When the line with "Villeroy & Boch" turns up below, begin repeating exactly, and carry on through the line with "SketchUp Business Model: Multi-Story"; no pictures go into the copy.

*** Opening MATERIAL PROVIDED ***

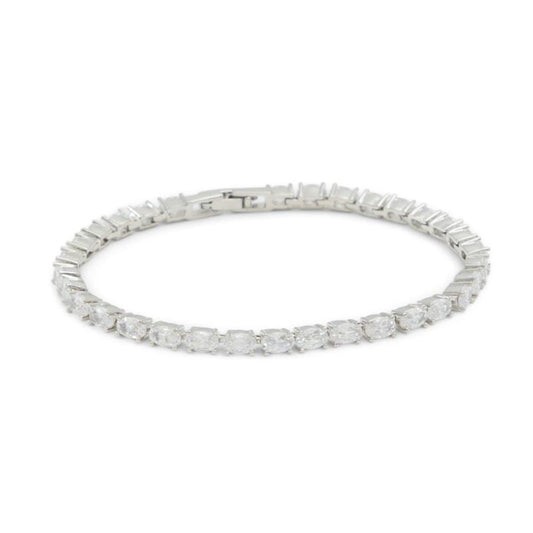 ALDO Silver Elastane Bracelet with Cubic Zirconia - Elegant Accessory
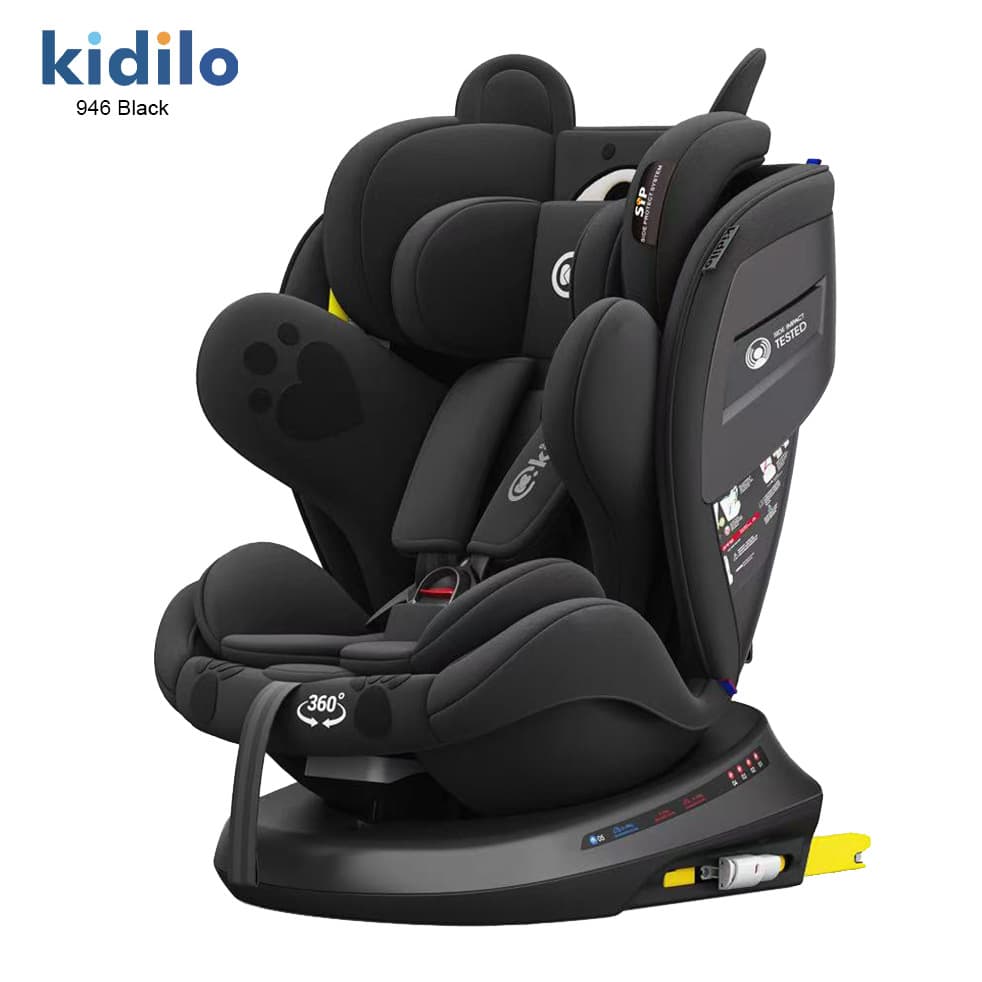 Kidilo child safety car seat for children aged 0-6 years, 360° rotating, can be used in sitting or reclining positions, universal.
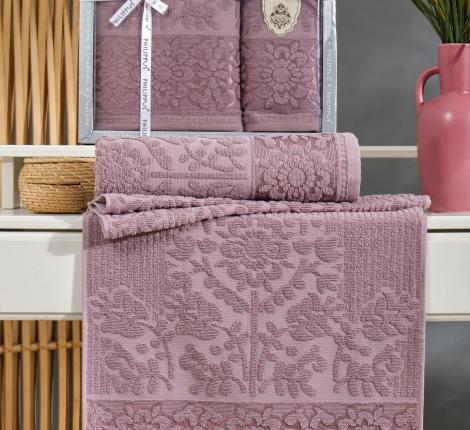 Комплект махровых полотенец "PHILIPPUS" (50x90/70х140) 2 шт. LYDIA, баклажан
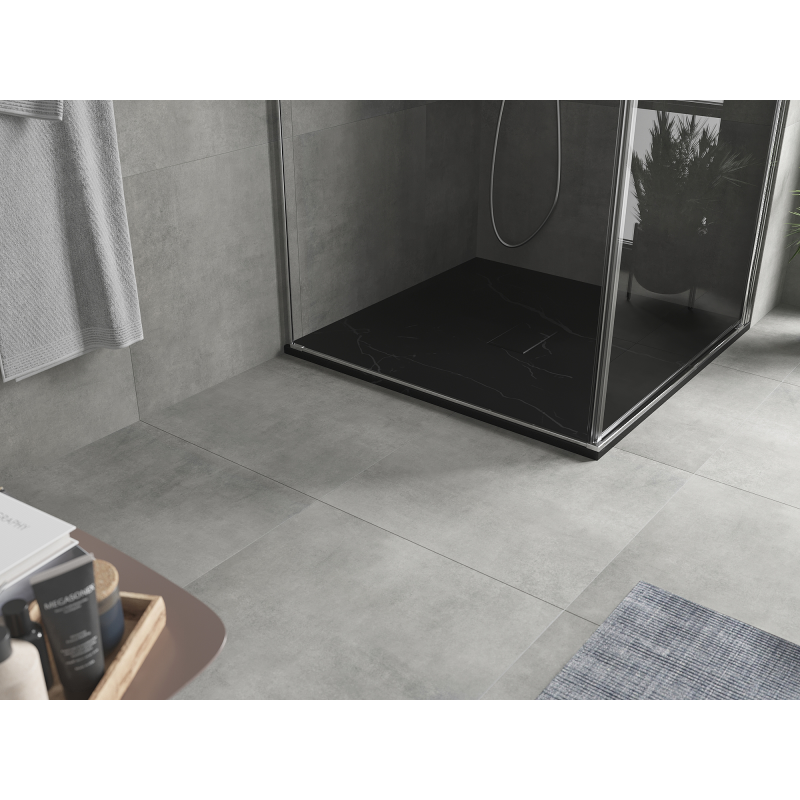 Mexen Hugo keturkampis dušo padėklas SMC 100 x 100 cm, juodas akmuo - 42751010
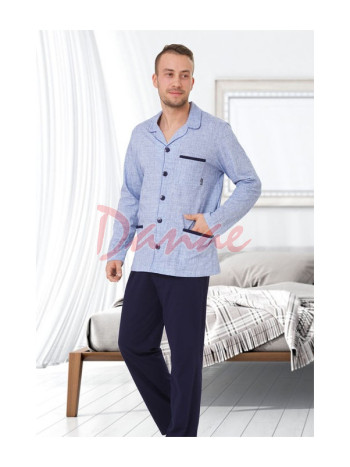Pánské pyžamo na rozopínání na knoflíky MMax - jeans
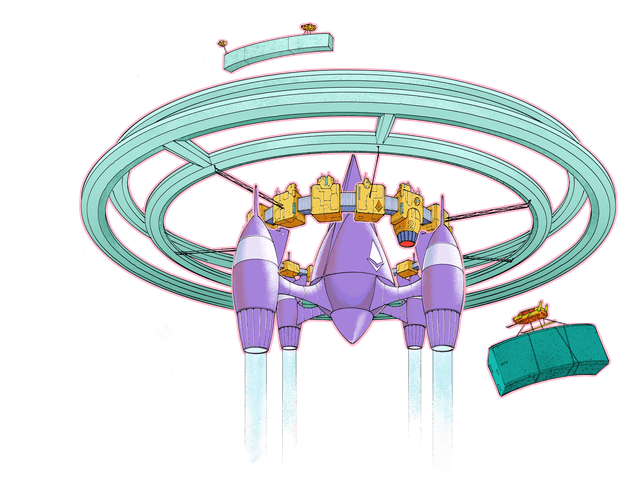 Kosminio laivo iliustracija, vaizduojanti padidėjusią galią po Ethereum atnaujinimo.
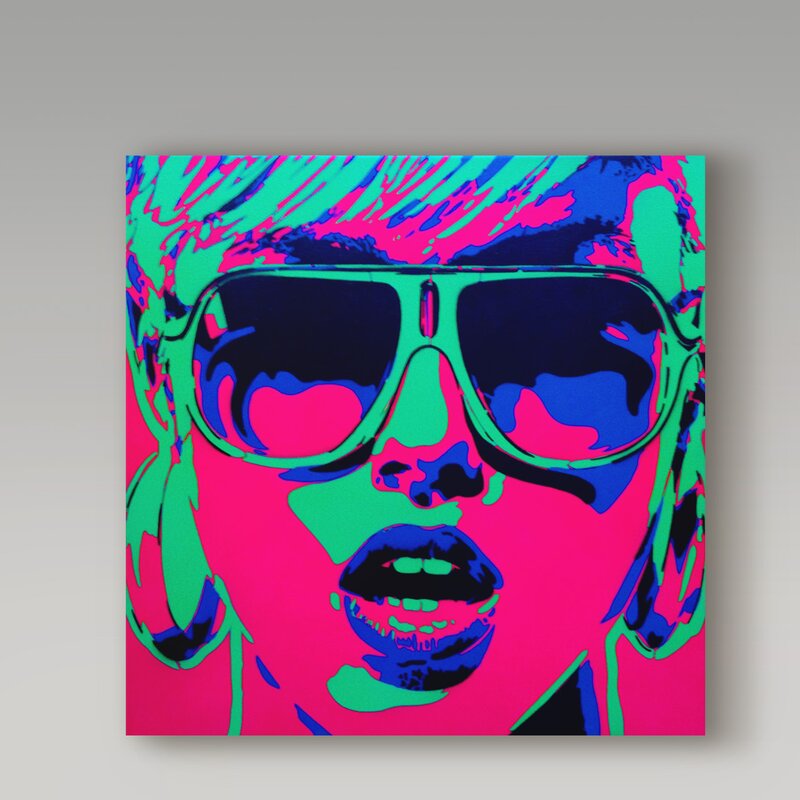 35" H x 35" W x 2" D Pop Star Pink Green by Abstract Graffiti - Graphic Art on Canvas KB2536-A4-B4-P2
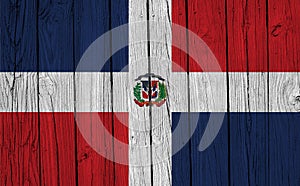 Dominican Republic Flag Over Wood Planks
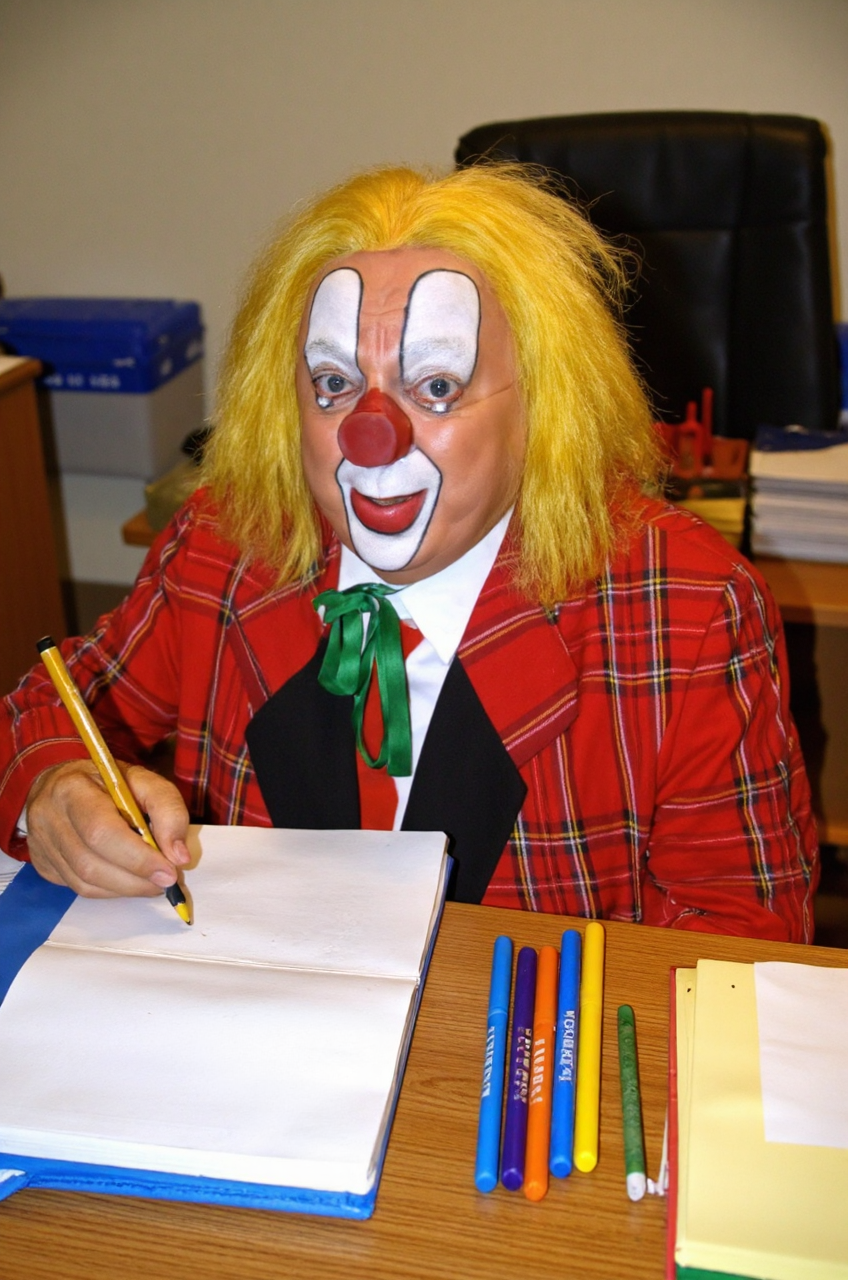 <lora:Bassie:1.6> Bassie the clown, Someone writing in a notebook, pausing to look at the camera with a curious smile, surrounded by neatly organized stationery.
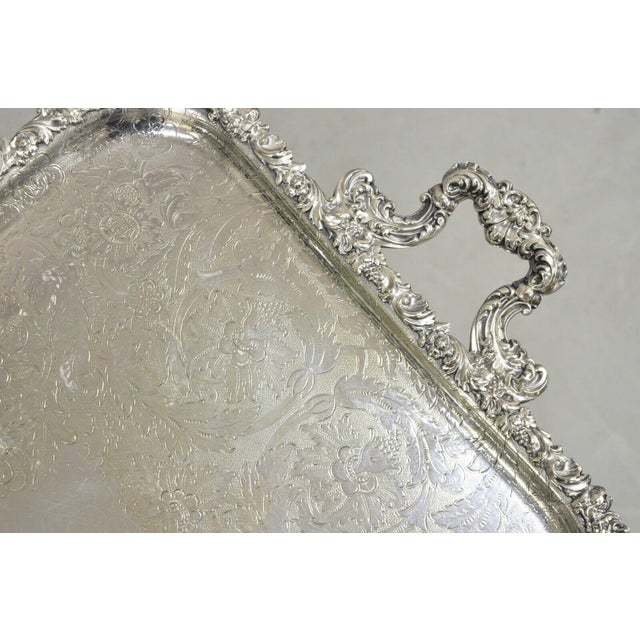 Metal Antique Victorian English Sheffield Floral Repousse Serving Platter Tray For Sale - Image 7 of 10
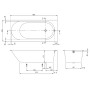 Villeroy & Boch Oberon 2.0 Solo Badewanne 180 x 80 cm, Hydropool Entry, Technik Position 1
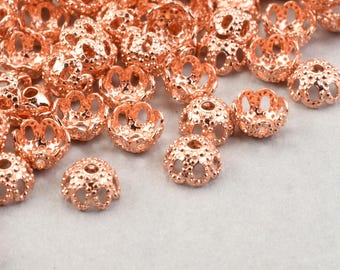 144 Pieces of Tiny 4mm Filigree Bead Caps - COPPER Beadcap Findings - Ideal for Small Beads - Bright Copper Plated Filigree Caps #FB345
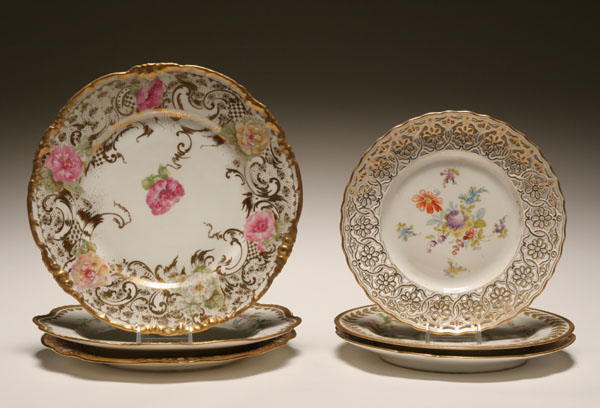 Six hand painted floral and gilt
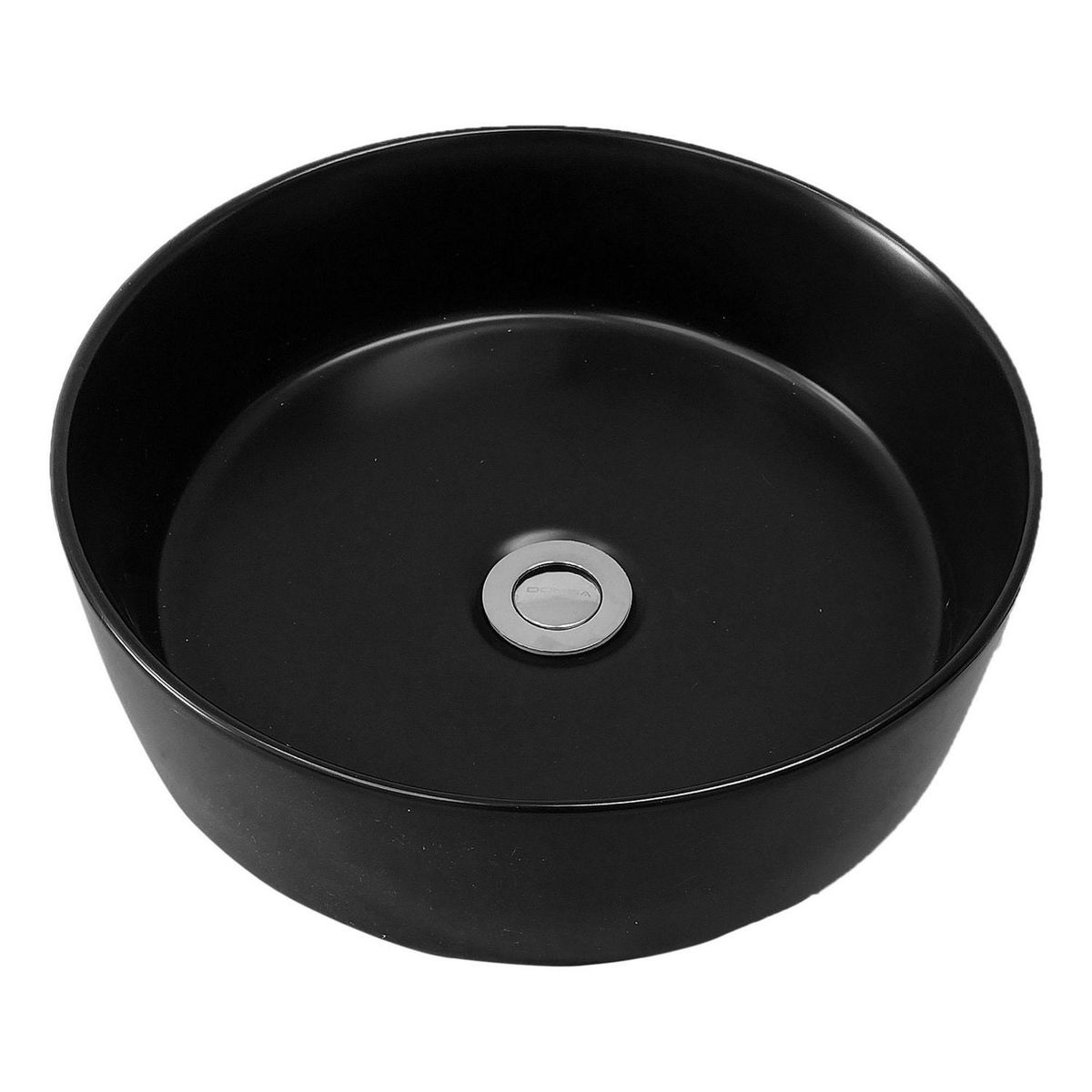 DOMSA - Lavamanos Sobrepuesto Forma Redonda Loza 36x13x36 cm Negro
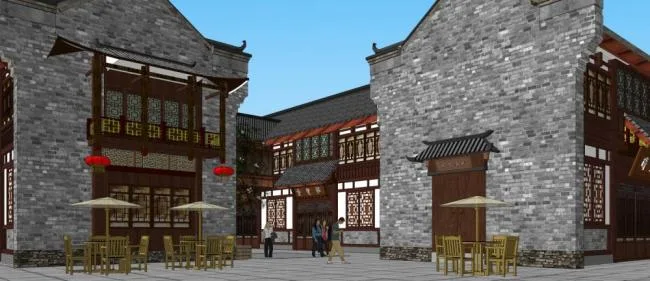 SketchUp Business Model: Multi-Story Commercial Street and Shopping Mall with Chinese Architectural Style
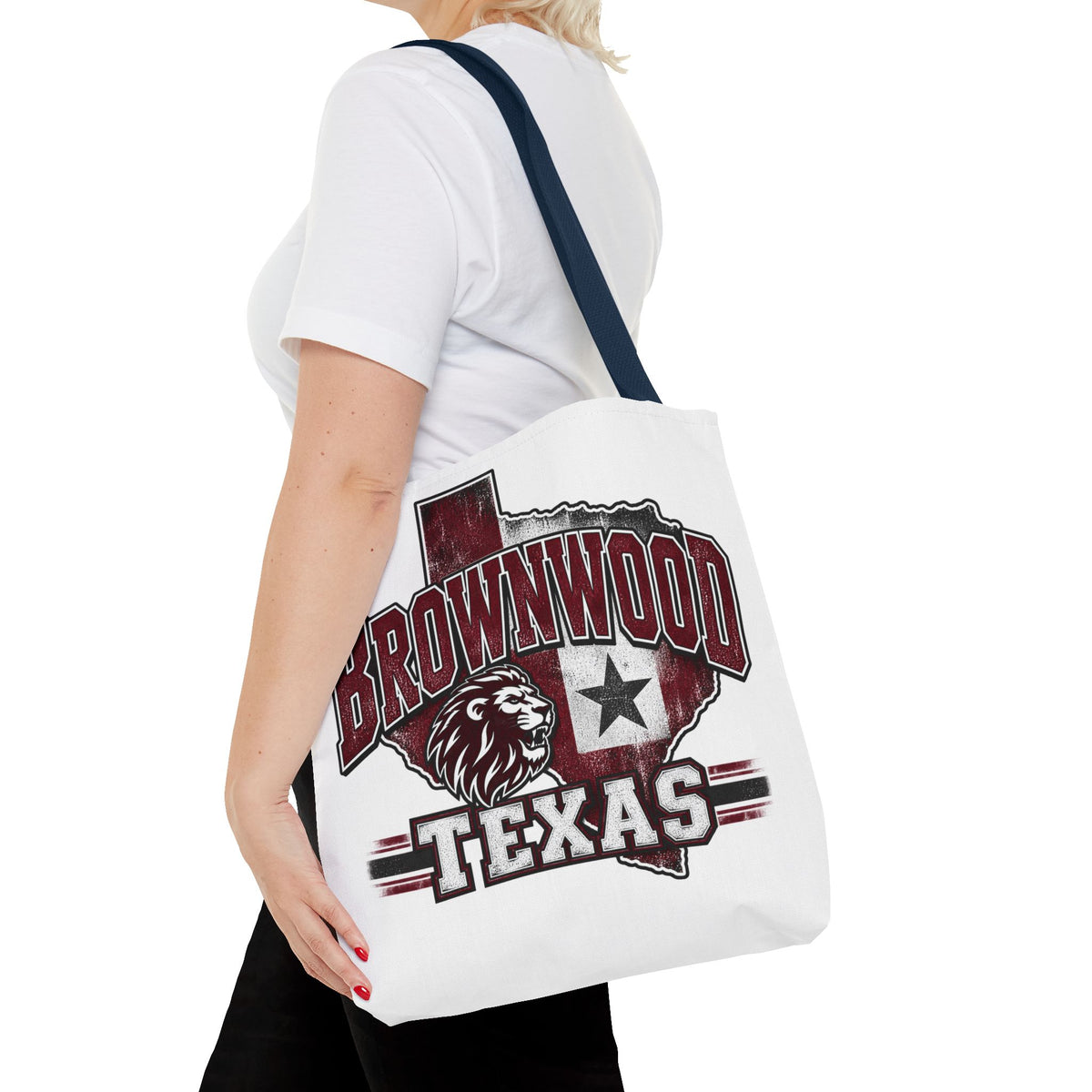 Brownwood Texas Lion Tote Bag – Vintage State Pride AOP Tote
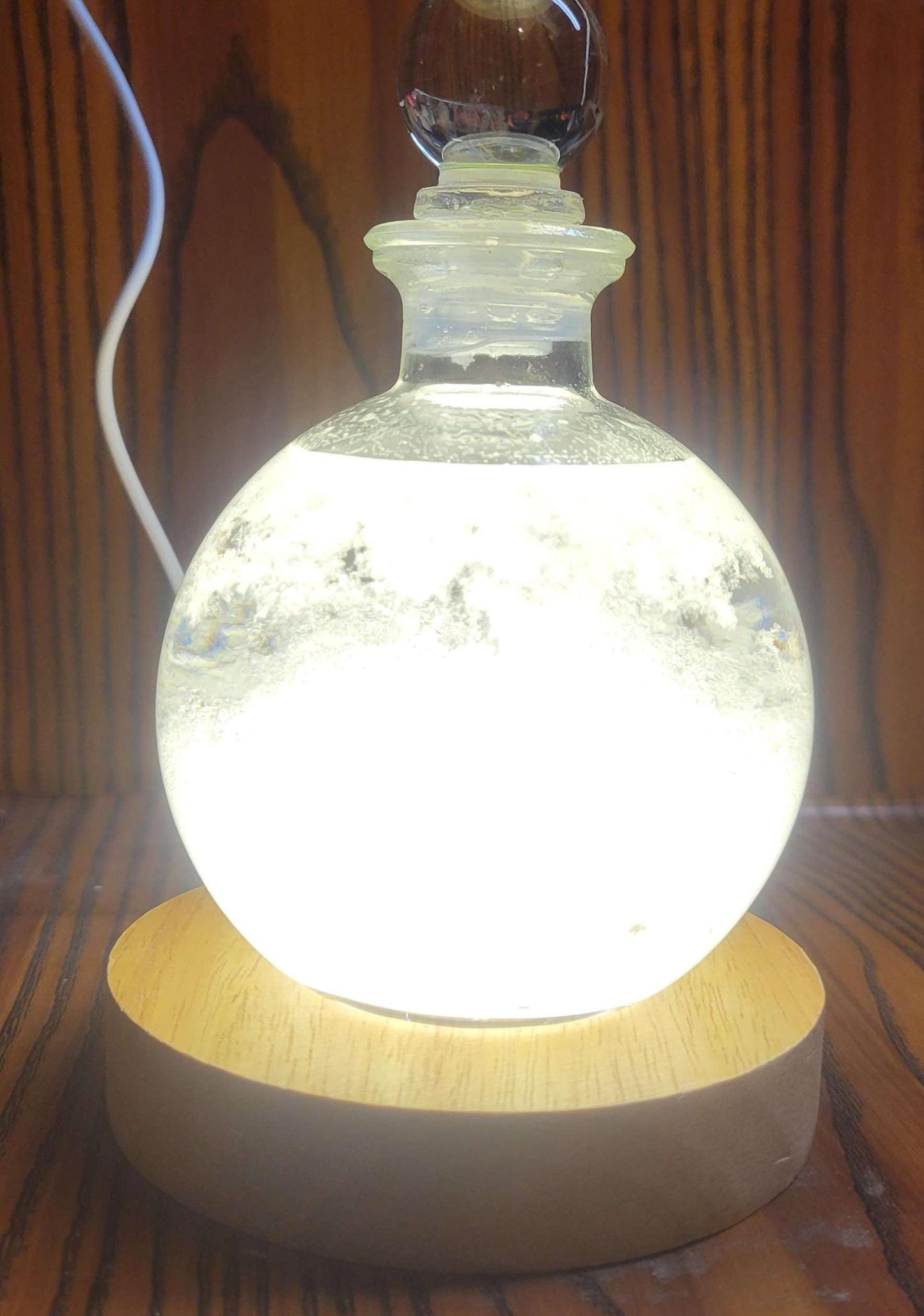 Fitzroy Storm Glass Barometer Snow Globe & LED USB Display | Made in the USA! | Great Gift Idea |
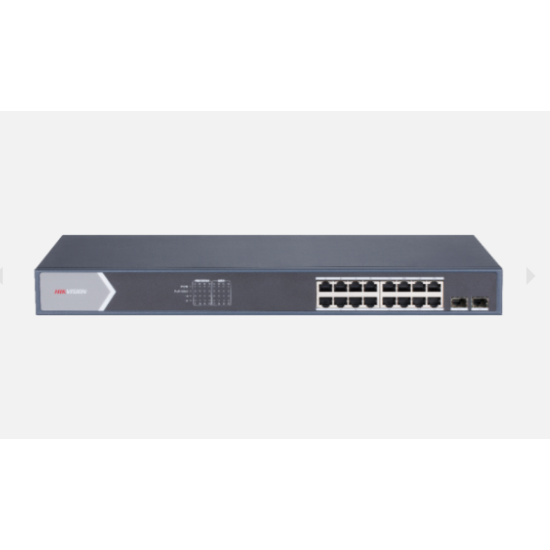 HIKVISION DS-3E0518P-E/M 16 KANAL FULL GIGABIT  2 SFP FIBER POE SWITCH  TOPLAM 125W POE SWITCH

*** Closing MATERIAL PROVIDED ***

• [SOLUTION TO THE EXERCISE]
 Villeroy & Boch Oberon 2.0 Solo Badewanne 180 x 80 cm, Hydropool Entry, Technik Position 1
 144 Pieces of Tiny 4mm Filigree Bead Caps - COPPER Beadcap Findings - Ideal for Small Beads - Bright Copper Plated Filigree Caps #FB345
 Six hand painted floral and gilt
 DOMSA - Lavamanos Sobrepuesto Forma Redonda Loza 36x13x36 cm Negro
 SketchUp Business Model: Multi-Story Commercial Street and Shopping Mall with Chinese Architectural Style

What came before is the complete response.